The first of the play’s
two climactic scenes finally reveals the profound depth of the role of the
horse in Alan’s psyche. Raised to love
God, Alan has nonetheless substituted Equus for Jesus, with his deity embodied
in every horse. Under hypnosis, Alan
reveals the primal nature and the intensity of his devout love and worship. In a fully developed ritual, he rides naked
and bareback at night, using a switch to beat himself (instead of using it as a
riding crop). His ride continues to the
point of sexual/religious climax when he shouts of his love and devotion, and
his desire to fuse as one with the horse.
Of course our initial
reaction is shock – Alan is one massively disturbed bloke. And yes, the first interpretation of what has
happened is the profane one.
Yet there is reason to
admire what Shaffer achieved here. As
outrageous and seemingly diabolical as this is, Shaffer took care to craft the
worshipful Alan and his god credibly. It
looks on the surface like Shaffer just pushed as far as he could to provoke,
and if we don’t see past that, then the whole thing is just ridiculous. Knowing that religious beliefs and practices,
spanning more than two thousand years of western culture, informs this scene
helps us make sense of it—and allows for understanding of the play’s deeper layers
of meaning.
Alan reached a point in
his young, impressionable life when he found God inaccessible - symbolically,
but oddly enough also quite literally, from the actions of his father when the
man tore a picture of Christ off the bedroom wall.
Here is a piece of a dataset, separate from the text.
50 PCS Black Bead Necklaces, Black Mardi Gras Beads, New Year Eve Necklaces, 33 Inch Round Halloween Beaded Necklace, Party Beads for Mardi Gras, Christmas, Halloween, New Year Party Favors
Instead of lapsing, as would be more
usual for others, Alan substituted Equus for Jesus. This is Shaffer’s single biggest conceit
where he asks the audience to faithfully leap with him. We need only make the leap, and then we are
subject to the consistent internal logic of Alan’s spiritual life. We are to understand that Alan lives by a
moral code that parallels Christian morality, except that Equus is God.
Alan remains devout as
he was taught to be by his mother. He
reflects often on the suffering of Equus, pained by the chain in his mouth. "Why is Equus in chains? For the sins of the world."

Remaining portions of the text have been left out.